● **ASSIGNMENT**:
Output, without alteration, the first line of the entries and each line after it, stopping with the line that contains "Midnight Ridge layered".

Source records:
══════════════════════════════
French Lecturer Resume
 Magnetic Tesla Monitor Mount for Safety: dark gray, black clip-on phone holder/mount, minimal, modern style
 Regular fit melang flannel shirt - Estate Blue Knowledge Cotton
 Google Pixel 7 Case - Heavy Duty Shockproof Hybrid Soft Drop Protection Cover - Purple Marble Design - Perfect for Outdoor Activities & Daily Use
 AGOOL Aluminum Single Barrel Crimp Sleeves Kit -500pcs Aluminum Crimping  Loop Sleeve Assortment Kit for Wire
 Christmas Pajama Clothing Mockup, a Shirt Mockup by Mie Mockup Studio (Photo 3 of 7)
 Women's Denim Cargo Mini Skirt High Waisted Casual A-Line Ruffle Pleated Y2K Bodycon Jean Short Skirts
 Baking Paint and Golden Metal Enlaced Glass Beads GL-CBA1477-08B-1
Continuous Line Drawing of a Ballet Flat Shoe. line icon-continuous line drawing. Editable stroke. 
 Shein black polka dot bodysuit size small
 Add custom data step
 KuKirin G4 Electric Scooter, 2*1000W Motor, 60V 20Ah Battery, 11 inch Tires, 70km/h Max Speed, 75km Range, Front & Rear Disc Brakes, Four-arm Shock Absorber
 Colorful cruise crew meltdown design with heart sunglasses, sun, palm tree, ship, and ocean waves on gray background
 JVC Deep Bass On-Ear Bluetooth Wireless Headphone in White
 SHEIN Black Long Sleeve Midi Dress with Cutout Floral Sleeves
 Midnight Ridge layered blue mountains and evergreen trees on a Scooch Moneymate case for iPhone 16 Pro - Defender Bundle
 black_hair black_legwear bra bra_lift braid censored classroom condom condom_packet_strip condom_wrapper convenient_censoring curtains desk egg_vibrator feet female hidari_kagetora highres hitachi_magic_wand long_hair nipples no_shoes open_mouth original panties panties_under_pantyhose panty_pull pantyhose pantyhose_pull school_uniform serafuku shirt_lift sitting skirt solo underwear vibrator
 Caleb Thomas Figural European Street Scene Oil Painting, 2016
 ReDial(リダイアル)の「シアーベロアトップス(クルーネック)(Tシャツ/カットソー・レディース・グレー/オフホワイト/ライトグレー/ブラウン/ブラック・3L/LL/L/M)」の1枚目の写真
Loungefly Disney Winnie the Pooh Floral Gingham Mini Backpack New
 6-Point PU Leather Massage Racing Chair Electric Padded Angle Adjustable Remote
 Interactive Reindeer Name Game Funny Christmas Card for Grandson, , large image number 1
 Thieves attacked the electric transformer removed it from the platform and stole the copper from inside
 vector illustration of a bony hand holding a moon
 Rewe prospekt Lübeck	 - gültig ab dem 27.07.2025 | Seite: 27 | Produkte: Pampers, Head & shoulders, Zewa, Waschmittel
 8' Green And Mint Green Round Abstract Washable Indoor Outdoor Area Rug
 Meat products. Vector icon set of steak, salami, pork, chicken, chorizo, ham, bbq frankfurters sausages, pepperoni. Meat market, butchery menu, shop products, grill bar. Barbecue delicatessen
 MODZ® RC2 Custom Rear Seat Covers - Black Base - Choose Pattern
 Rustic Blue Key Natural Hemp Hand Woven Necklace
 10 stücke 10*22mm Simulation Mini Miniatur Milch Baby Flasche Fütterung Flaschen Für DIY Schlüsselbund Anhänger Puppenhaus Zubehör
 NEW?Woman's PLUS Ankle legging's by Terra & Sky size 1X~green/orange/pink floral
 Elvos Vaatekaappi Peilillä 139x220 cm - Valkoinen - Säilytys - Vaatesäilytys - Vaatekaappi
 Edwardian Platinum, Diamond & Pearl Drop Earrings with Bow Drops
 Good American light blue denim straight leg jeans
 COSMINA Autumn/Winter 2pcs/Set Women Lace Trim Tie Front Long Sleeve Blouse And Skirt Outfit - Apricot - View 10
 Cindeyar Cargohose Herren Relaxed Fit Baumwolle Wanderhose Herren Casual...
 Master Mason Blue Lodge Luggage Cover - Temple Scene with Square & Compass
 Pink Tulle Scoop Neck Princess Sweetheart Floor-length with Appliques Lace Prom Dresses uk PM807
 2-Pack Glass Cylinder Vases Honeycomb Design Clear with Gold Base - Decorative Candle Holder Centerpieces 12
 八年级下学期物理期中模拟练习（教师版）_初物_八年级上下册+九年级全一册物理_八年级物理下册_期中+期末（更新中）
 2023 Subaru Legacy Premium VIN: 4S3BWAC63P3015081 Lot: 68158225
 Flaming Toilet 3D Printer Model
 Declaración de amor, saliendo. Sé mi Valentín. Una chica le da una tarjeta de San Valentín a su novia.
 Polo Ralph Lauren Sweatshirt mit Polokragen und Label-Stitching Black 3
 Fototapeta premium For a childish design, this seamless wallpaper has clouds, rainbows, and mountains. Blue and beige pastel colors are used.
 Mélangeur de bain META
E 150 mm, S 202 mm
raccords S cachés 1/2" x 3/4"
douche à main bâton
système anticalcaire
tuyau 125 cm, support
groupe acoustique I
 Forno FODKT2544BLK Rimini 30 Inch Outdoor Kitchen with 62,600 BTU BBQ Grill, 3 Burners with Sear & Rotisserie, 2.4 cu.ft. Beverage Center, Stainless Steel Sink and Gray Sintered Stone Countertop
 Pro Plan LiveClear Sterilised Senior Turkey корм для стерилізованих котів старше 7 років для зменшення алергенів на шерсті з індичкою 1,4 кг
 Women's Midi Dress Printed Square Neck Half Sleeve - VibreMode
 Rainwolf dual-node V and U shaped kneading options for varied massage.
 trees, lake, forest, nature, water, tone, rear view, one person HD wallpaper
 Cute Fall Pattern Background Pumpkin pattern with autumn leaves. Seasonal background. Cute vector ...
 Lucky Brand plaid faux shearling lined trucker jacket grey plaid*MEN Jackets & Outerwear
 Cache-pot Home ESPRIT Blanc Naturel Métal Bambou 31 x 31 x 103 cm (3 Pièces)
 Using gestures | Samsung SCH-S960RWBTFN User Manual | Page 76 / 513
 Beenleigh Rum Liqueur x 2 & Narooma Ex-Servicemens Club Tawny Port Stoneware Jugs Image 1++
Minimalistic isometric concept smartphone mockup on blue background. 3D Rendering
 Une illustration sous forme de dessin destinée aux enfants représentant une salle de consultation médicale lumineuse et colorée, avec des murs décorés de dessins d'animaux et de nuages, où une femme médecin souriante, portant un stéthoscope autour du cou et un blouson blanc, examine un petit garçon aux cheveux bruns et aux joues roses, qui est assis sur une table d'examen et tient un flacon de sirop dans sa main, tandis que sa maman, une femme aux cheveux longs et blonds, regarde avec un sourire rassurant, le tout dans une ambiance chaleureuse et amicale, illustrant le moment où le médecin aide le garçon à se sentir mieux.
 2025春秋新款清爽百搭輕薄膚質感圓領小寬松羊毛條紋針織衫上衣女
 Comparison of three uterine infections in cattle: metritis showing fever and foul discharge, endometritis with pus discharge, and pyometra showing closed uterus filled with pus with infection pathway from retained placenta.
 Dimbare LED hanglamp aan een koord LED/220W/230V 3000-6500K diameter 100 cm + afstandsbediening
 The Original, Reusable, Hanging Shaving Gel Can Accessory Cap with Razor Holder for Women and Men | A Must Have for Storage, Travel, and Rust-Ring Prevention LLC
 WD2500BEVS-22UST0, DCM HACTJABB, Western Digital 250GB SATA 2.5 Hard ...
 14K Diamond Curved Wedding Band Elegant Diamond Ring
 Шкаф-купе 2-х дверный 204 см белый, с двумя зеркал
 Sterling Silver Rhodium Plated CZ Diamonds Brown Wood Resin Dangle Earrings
══════════════════════════════
● **TASK RESPONSE**:
French Lecturer Resume
 Magnetic Tesla Monitor Mount for Safety: dark gray, black clip-on phone holder/mount, minimal, modern style
 Regular fit melang flannel shirt - Estate Blue Knowledge Cotton
 Google Pixel 7 Case - Heavy Duty Shockproof Hybrid Soft Drop Protection Cover - Purple Marble Design - Perfect for Outdoor Activities & Daily Use
 AGOOL Aluminum Single Barrel Crimp Sleeves Kit -500pcs Aluminum Crimping  Loop Sleeve Assortment Kit for Wire
 Christmas Pajama Clothing Mockup, a Shirt Mockup by Mie Mockup Studio (Photo 3 of 7)
 Women's Denim Cargo Mini Skirt High Waisted Casual A-Line Ruffle Pleated Y2K Bodycon Jean Short Skirts
 Baking Paint and Golden Metal Enlaced Glass Beads GL-CBA1477-08B-1
Continuous Line Drawing of a Ballet Flat Shoe. line icon-continuous line drawing. Editable stroke. 
 Shein black polka dot bodysuit size small
 Add custom data step
 KuKirin G4 Electric Scooter, 2*1000W Motor, 60V 20Ah Battery, 11 inch Tires, 70km/h Max Speed, 75km Range, Front & Rear Disc Brakes, Four-arm Shock Absorber
 Colorful cruise crew meltdown design with heart sunglasses, sun, palm tree, ship, and ocean waves on gray background
 JVC Deep Bass On-Ear Bluetooth Wireless Headphone in White
 SHEIN Black Long Sleeve Midi Dress with Cutout Floral Sleeves
 Midnight Ridge layered blue mountains and evergreen trees on a Scooch Moneymate case for iPhone 16 Pro - Defender Bundle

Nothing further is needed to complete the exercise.